Data records:
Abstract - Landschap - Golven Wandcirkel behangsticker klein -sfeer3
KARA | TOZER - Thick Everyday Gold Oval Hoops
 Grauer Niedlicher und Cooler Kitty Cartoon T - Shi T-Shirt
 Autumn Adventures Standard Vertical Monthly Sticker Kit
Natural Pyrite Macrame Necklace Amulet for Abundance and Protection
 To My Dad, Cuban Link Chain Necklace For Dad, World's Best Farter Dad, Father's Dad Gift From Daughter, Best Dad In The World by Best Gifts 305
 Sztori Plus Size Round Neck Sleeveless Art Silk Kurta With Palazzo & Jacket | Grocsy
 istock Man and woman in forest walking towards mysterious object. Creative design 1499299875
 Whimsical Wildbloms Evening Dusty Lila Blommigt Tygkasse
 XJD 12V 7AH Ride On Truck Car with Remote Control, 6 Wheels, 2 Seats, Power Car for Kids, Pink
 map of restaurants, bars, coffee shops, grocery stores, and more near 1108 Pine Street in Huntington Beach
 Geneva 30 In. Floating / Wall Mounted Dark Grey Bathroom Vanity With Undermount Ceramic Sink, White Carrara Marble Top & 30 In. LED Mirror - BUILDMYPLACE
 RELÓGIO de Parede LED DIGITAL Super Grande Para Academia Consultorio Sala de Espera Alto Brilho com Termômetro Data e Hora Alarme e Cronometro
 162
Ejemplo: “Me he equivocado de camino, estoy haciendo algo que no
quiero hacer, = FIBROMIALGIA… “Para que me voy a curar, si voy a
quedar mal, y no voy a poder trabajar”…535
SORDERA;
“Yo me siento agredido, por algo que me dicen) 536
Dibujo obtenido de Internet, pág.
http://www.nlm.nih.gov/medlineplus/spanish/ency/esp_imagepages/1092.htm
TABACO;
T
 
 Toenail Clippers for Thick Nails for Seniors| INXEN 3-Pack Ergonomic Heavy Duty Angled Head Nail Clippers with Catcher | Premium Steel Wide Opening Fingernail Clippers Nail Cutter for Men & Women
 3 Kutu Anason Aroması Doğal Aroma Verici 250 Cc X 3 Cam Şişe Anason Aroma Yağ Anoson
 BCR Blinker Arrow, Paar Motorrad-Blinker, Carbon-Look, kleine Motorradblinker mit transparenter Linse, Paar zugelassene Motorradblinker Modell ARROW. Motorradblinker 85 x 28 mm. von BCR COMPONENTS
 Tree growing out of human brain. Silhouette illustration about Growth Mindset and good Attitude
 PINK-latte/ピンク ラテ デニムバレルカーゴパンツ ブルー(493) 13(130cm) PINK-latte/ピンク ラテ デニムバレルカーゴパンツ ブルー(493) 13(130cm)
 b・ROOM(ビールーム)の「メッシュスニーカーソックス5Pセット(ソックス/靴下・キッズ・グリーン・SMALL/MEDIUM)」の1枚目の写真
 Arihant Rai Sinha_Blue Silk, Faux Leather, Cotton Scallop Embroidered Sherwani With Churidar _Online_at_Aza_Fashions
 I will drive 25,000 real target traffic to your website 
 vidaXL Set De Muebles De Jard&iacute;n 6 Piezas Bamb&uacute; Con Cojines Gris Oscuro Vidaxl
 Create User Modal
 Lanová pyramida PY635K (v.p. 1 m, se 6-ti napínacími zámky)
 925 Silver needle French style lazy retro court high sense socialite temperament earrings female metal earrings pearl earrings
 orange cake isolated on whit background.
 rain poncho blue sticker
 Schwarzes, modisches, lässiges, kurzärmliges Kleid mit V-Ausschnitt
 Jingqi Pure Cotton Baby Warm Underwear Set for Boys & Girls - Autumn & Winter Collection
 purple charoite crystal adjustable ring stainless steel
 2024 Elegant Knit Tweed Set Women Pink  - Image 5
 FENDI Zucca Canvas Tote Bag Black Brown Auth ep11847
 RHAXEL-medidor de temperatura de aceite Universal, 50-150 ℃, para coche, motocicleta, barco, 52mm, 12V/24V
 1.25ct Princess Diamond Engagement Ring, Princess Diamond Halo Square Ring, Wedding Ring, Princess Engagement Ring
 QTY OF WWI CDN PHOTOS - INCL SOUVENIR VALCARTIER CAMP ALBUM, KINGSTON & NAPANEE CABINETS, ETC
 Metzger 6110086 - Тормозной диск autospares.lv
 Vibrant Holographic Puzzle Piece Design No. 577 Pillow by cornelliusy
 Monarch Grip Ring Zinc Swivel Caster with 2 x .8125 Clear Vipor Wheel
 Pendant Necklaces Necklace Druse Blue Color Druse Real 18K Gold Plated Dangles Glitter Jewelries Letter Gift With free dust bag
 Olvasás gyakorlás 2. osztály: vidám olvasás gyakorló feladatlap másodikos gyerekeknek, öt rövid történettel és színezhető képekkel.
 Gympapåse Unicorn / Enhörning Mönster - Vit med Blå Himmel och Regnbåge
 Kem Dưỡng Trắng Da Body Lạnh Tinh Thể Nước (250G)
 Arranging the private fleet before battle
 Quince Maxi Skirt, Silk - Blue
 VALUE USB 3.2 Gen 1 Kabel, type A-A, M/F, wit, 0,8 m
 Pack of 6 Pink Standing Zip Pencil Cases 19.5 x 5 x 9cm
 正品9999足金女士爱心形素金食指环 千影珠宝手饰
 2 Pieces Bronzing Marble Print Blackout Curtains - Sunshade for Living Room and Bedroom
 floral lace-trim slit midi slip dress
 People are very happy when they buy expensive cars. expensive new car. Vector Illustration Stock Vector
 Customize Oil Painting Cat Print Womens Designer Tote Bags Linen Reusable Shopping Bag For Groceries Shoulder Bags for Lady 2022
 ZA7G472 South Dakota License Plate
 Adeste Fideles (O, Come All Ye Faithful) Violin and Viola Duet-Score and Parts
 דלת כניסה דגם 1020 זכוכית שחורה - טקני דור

Your goal: Please give back the records exactly as written, beginning at the first line and including the line that holds "XJD 12V 7AH" as the last.

The answer:
Abstract - Landschap - Golven Wandcirkel behangsticker klein -sfeer3
KARA | TOZER - Thick Everyday Gold Oval Hoops
 Grauer Niedlicher und Cooler Kitty Cartoon T - Shi T-Shirt
 Autumn Adventures Standard Vertical Monthly Sticker Kit
Natural Pyrite Macrame Necklace Amulet for Abundance and Protection
 To My Dad, Cuban Link Chain Necklace For Dad, World's Best Farter Dad, Father's Dad Gift From Daughter, Best Dad In The World by Best Gifts 305
 Sztori Plus Size Round Neck Sleeveless Art Silk Kurta With Palazzo & Jacket | Grocsy
 istock Man and woman in forest walking towards mysterious object. Creative design 1499299875
 Whimsical Wildbloms Evening Dusty Lila Blommigt Tygkasse
 XJD 12V 7AH Ride On Truck Car with Remote Control, 6 Wheels, 2 Seats, Power Car for Kids, Pink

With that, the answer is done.